# [Required work]
Produce a verbatim transcription of the entries, with all pictures omitted.

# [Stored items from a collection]
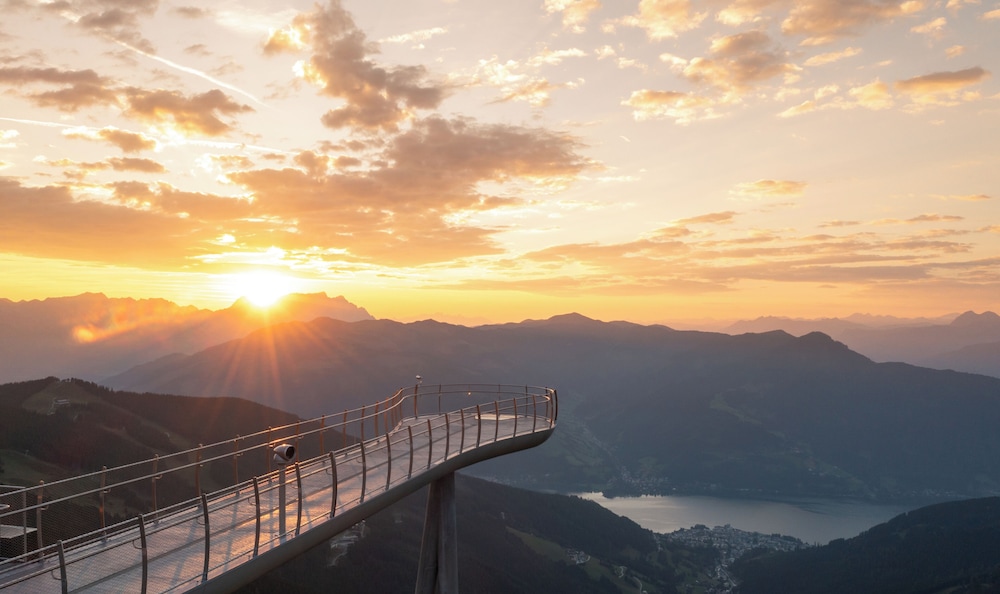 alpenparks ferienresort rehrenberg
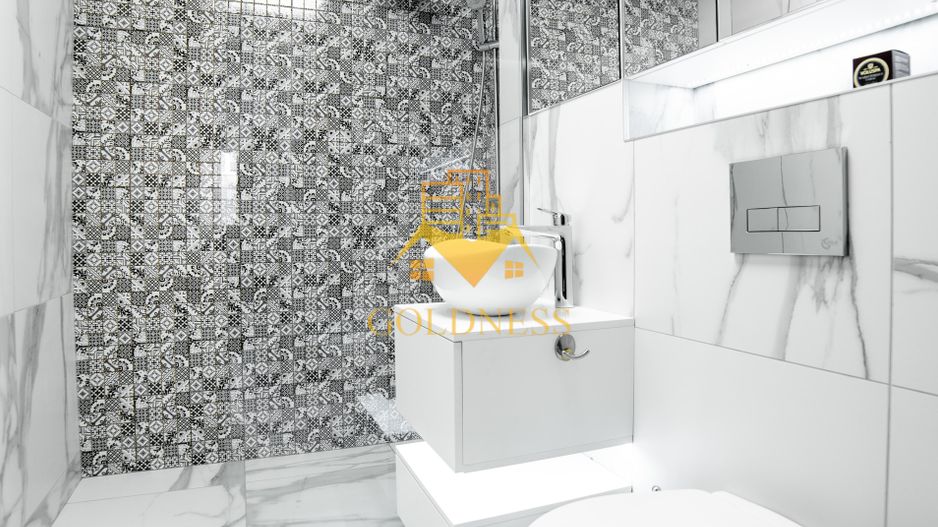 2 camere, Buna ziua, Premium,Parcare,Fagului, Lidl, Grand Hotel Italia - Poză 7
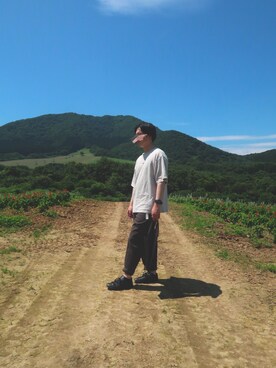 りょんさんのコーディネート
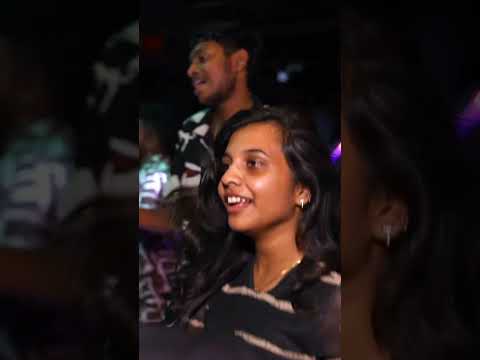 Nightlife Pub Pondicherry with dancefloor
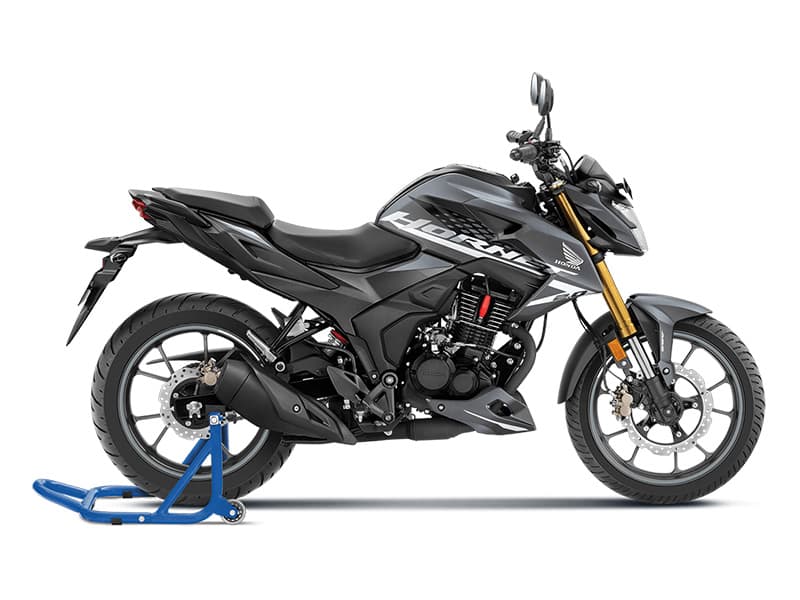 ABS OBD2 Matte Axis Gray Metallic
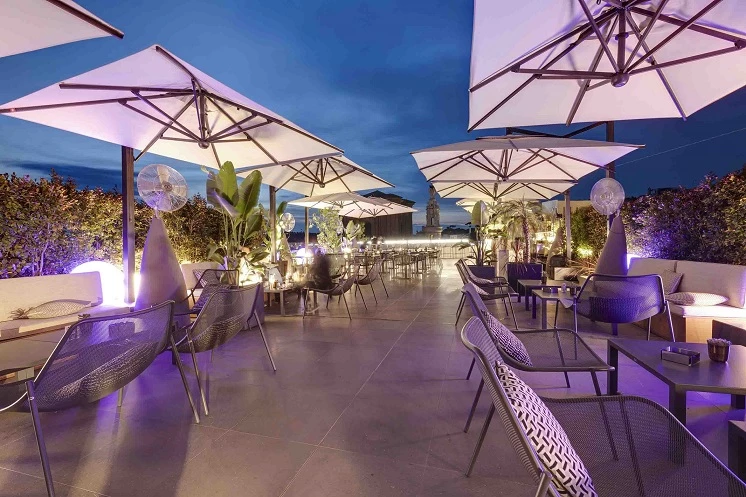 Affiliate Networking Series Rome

# [Expected answer]
 alpenparks ferienresort rehrenberg
 2 camere, Buna ziua, Premium,Parcare,Fagului, Lidl, Grand Hotel Italia - Poză 7
 りょんさんのコーディネート
 Nightlife Pub Pondicherry with dancefloor
 ABS OBD2 Matte Axis Gray Metallic
 Affiliate Networking Series Rome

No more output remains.